Events, and more events
February was a very full month for the Friends of Hemingfield Colliery. Events on site and off it filled out the usually short and wintry month, and gave us plenty of news and images to share as we look back on a busy few weeks.
‘Strata: Structures, Transformation and Solidarity’. Experience Barnsley
On 3rd February 2018 Members of the Friends of Hemingfield Colliery were pleased to attend the launch event for ‘Strata’ – a new exhibition at Experience Barnsley: Museum & Discovery Centre in Barnsley town centre.
The exhibition, whose full title is ‘Strata: Structures, Transformation and Solidarity‘, by artists Jacob Cartwright and Nick Jordan, is described ‘an exploration of the social, cultural, industrial and natural histories underpinning the region’s former coal mining landscape and communities’.
Combining video, sound, artwork and fabrics reflecting the heritage of mining, community and protest, the exhibition reworked mining banners, displayed old working clothes and presented enigmatic images of the post-industrial landscape, exploring how pride of place still shines through in the absence of the working places which formerly covered the area.

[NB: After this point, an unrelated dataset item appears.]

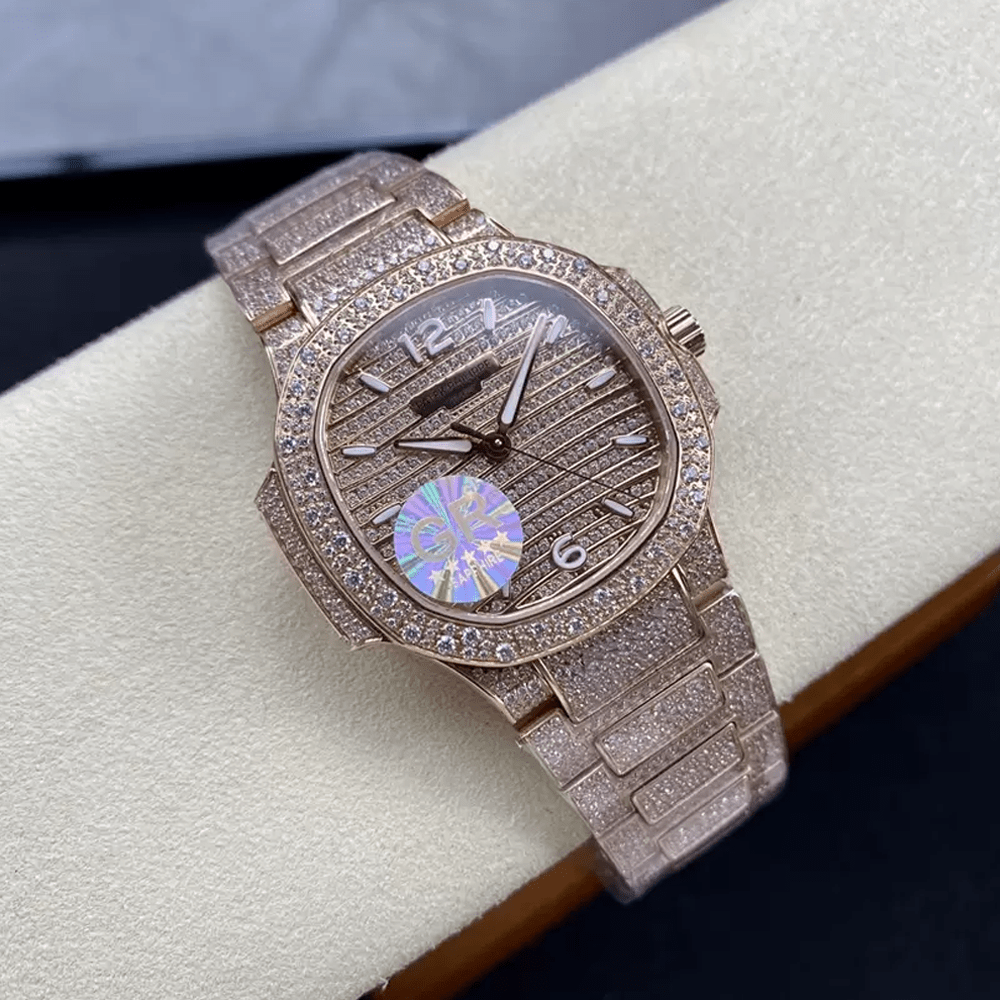 파텍필립 아쿠아넛 여성용 노틸러스 풀 다이아몬드 한정판 35.2mm 7118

In developing material for the exhibition, the artists Jacob and Nick had visited Hemingfield Colliery some time ago, in May 2017. They carried out filming at Hemingfield and sat down to talk to Friends’ Directors Glen and Christine during their time on site. Glen and Christine had spoken of their memories and personal experiences relating to coal mining in Barnsley, and the past and future plans for Hemingfield Colliery itself.

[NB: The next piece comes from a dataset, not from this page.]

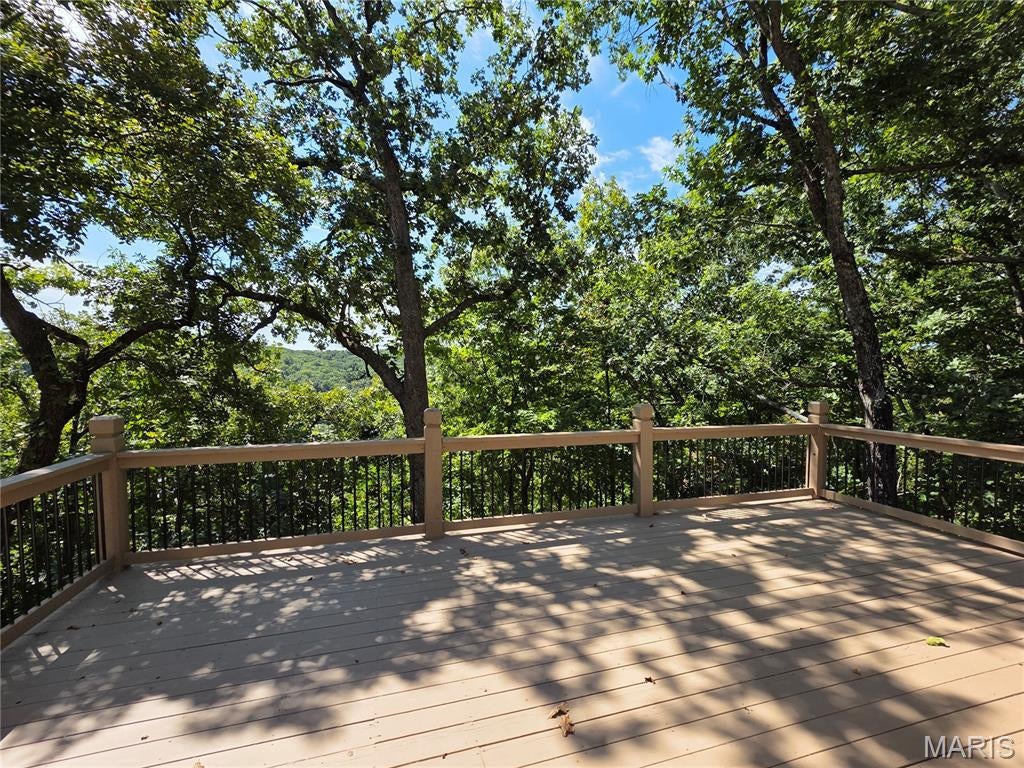 19 Greenview Drive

The Friends were delighted to attend the opening events and walk around the exhibition to see the range of work, including catching glimpses of the familiar sight of Hemingfield’s headgear.

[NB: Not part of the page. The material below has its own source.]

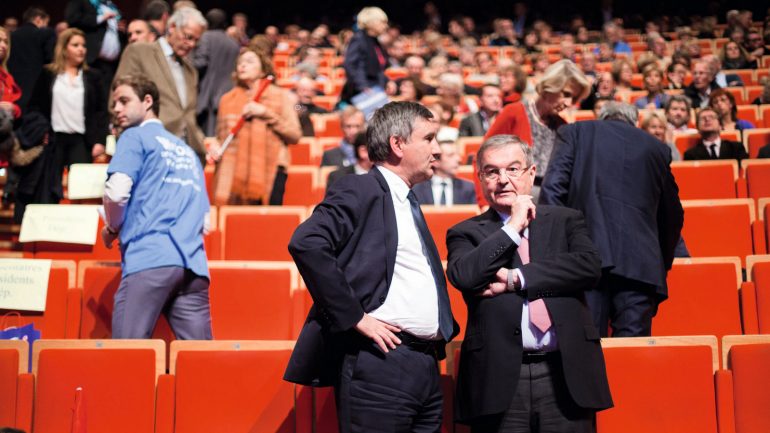 Michel Mercier avec son successeur au conseil départemental, Christophe Guilloteau, lors d’un meeting en 2015 © Tim Douet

Glen and Christine were proud to have made contributions to the film and the wider exhibition. Strata continues until 11th April 2018.
Elsecar: A village begins to reveal its secrets
On the evening of Thursday 8th February, Barnsley Museums and Historic England opened the doors of the Ironworks at Elsecar Heritage Centre to invite local people and groups to a very special event, A village begins to reveal its secrets.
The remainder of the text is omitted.